# XPENG's VLA 2.0 Autonomous System Faces Head-to-Head Test Against Tesla FSD in Amsterdam

A comparative evaluation of autonomous driving systems in real-world conditions marks a shift toward empirical assessment of competing technologies. An independent tester drove XPENG's L03 prototype equipped with the company's latest VLA 2.0 navigation system on Amsterdam roads, then repeated the same routes in a Tesla Model 3 running Full Self-Driving beta software.

This comparison matters because most evaluations of advanced driver assistance systems remain confined to single platforms or controlled environments. Testing both systems on identical road segments in a city known for complex urban traffic patterns—narrow streets, cyclists, trams, pedestrians, and frequent course corrections—creates the first documented side-by-side assessment of these competing autonomous technologies operating in European conditions.

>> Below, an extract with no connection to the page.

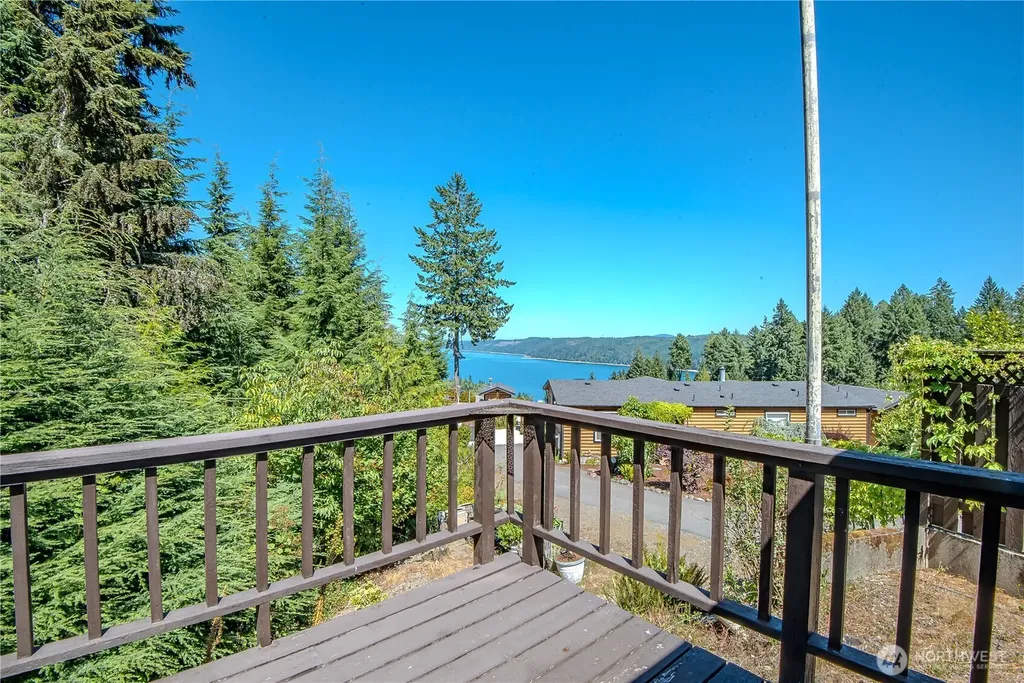 140 N Spindrift Drive Lilliwaup WA 98555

XPENG, the Chinese electric vehicle manufacturer, has accelerated development of its autonomous capabilities through its vision language model approach called VLA 2.0. The system processes real-time video and contextual information to make driving decisions, representing a shift from traditional rule-based autonomous systems toward neural network based navigation. XPENG has deployed XNGP, its autonomous driving brand, across its vehicle lineup in China and has begun international testing programs.

Tesla's Full Self-Driving beta operates on a different architecture using camera-based perception without lidar sensors. FSD has been deployed to roughly 50,000 beta testers globally and represents Tesla's end-to-end learning approach to autonomous navigation. The system combines vision transformers with behavioral cloning to predict vehicle trajectories.

Amsterdam presents a particularly demanding testing environment. The city features narrow cobblestone streets where lane markings vanish or blur, protected bicycle lanes that blur the distinction between traffic and sidewalk space, and frequent unprotected left turns across opposing traffic. Both systems must navigate without painted lane guidance on many routes and interpret traffic signals while managing interactions with vulnerable road users.

XPENG's decision to permit independent testing of VLA 2.0 outside company employees suggests confidence in the system's capability. The company has not released performance metrics comparing VLA 2.0 directly against competing systems on standardized test courses. This real-world evaluation could influence perceptions of Chinese autonomous technology development outside domestic markets.

Tesla's FSD has undergone extensive public testing in North America, but comparative data on its performance in European cities remains limited. Road infrastructure differs significantly between continents. European cities often feature narrower streets, different traffic patterns, and distinct regulatory requirements around autonomous vehicles.

The XPENG test comes amid broader international competition in autonomous vehicle development. Companies including Waymo, Cruise (General Motors subsidiary), and various Chinese firms including Baidu and Didi are testing autonomous systems in multiple countries. Regulatory frameworks in Europe, particularly the EU's proposed requirements for autonomous vehicles, differ from Chinese and American approaches.

Standardized testing of autonomous systems remains absent across jurisdictions. No independent body currently administers comparable tests for all major autonomous platforms. Industry organizations and academic institutions have proposed frameworks, but adoption remains inconsistent.

The comparison addresses fundamental questions about whether Chinese autonomous technology developed primarily for domestic Chinese traffic conditions transfers effectively to European road environments. It also tests whether systems trained differently—XPENG's vision language model approach versus Tesla's end-to-end learning—handle unfamiliar urban geometry similarly.